▶ _DATA FOR THIS EXERCISE_
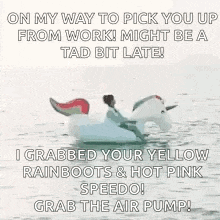 a man is sitting on a unicorn float in the water .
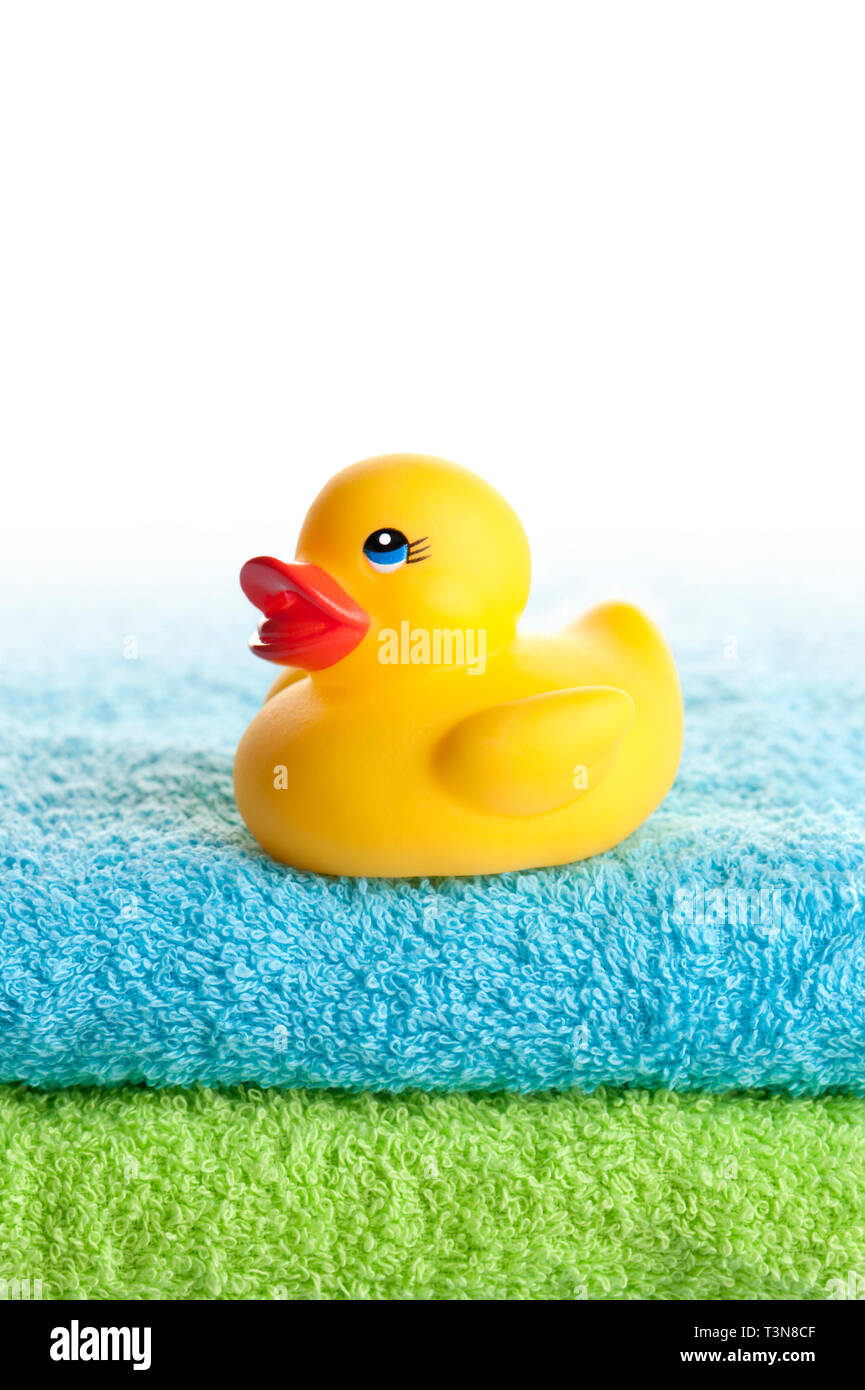 rubber duck on towels stack Stock Photo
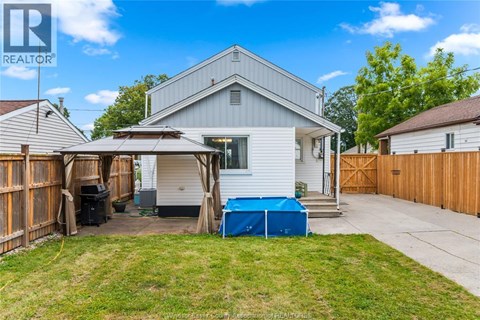 A house with a blue tarp covering a pool in the backyard.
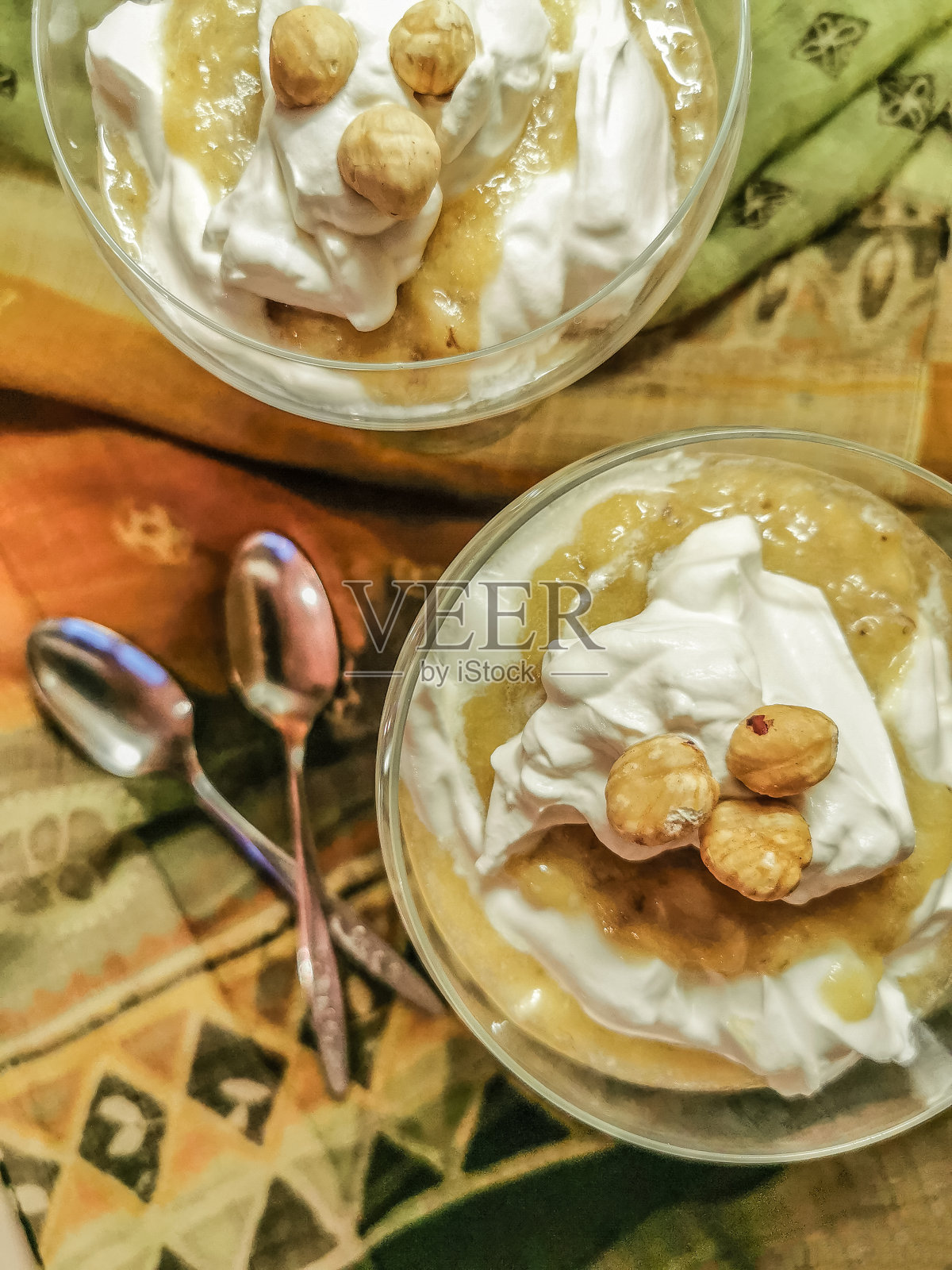 白玉兰香蕉布丁配芝麻，蜂蜜，柠檬，坚果和鲜奶油的玻璃杯，放在装饰的桌子上照片摄影图片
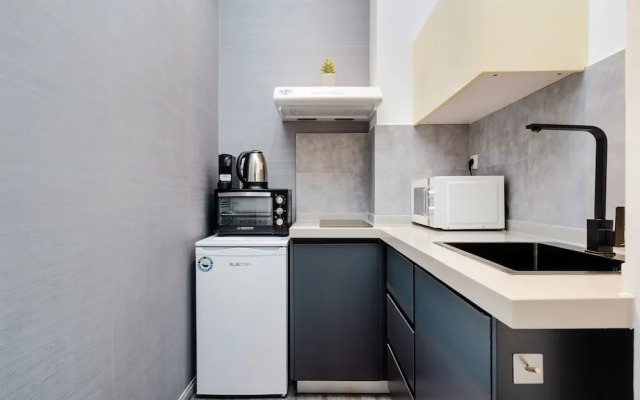 Sanders Home Suites - Cheerful Downtown Studio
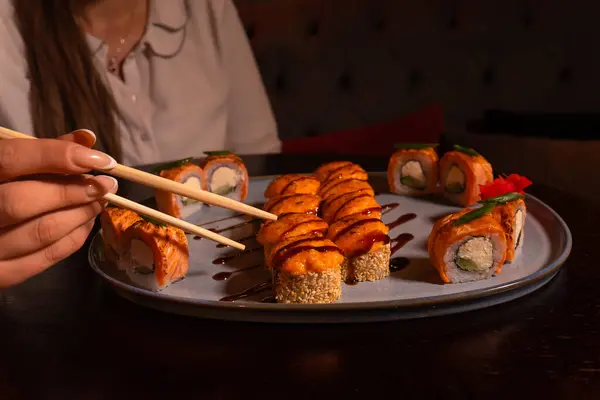 Young Woman Eats Enjoys Fresh Sushi Luxurious Restaurant Girl Holds Stockfoto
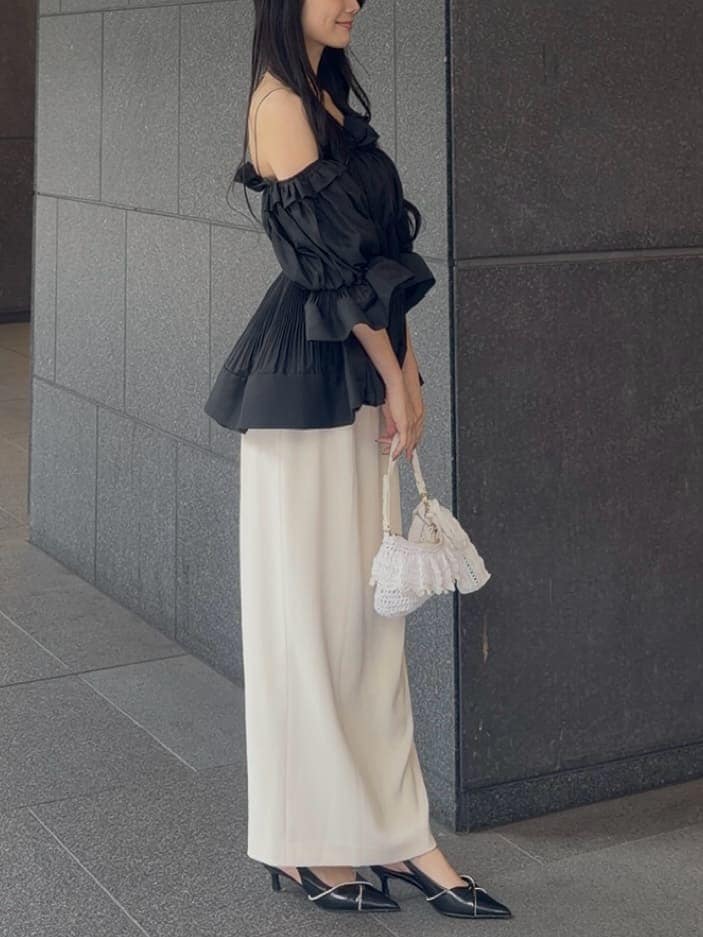 ホワイト系のスカート、ブラック系のその他トップス、ブラック系のパンプスを着用したレディースの春コーディネートの3枚目の写真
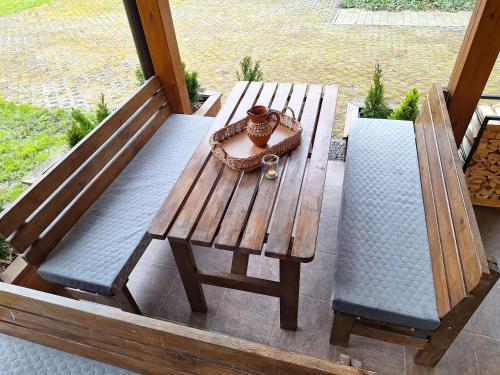 a wooden bench and two chairs on a porch at Vila Pohoda Javorníky s rozľahlým pozemkom in Makov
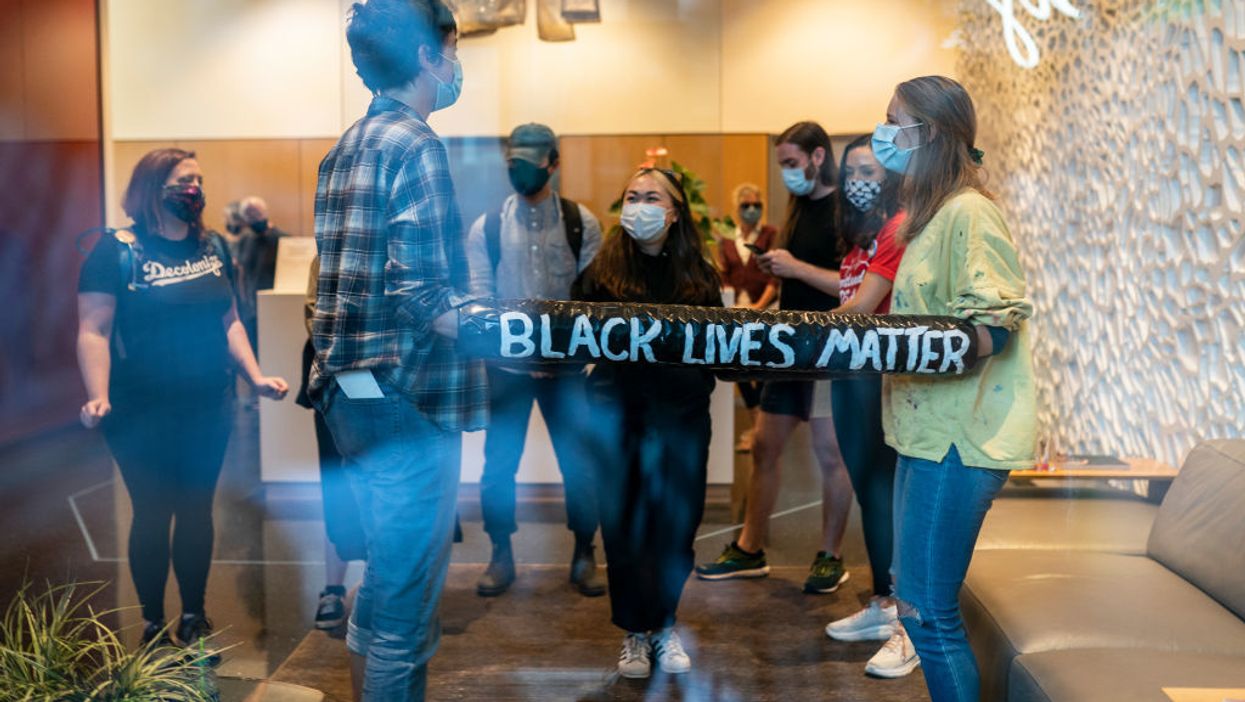 Black Lives Matter protesters chain themselves together in lobby of Mayor Ted Wheeler's condo, riots erupt in Portland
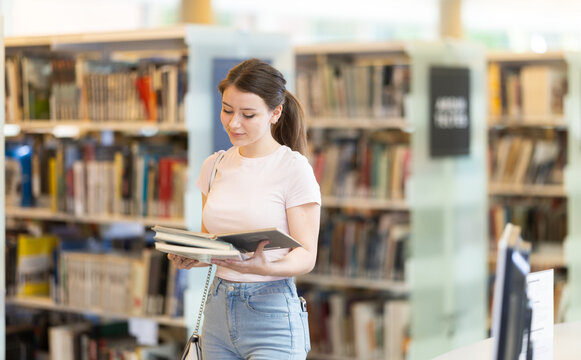 Young female student reading book standing in library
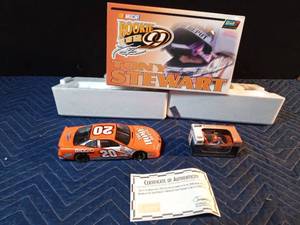 lot 158 image: 2000 Nascar Rookie of the Year Tony Stewart #20 die cast car bank set with certificate of authenticity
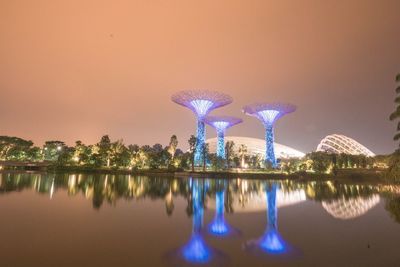 Reflection of illuminated buildings in lake at dusk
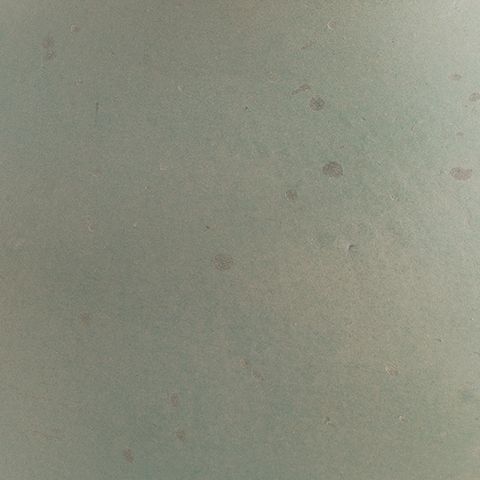 Green ceramic vase surface with mottled speckle pattern
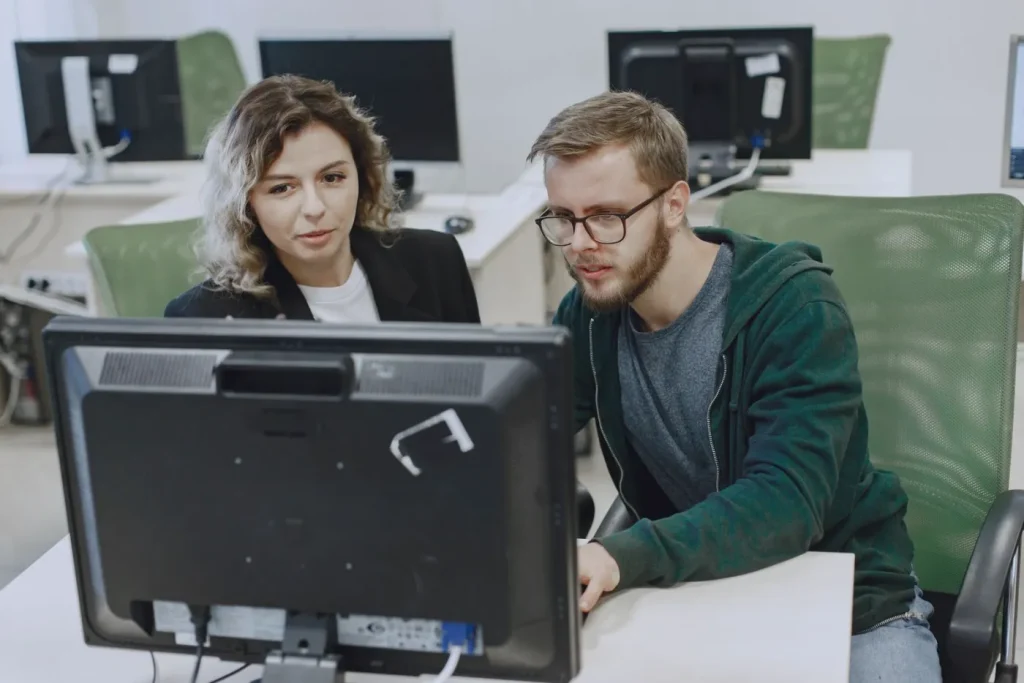 Dos personas revisando juntas un computador en una oficina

▶ _EXERCISE DETAILS_
While leaving pictures out, reproduce exactly the lines from the beginning of the listing above through the line containing "Sanders Home Suites", both ends included.

▶ _EXERCISE ANSWER_
 a man is sitting on a unicorn float in the water .
 rubber duck on towels stack Stock Photo
 A house with a blue tarp covering a pool in the backyard.
 白玉兰香蕉布丁配芝麻，蜂蜜，柠檬，坚果和鲜奶油的玻璃杯，放在装饰的桌子上照片摄影图片
 Sanders Home Suites - Cheerful Downtown Studio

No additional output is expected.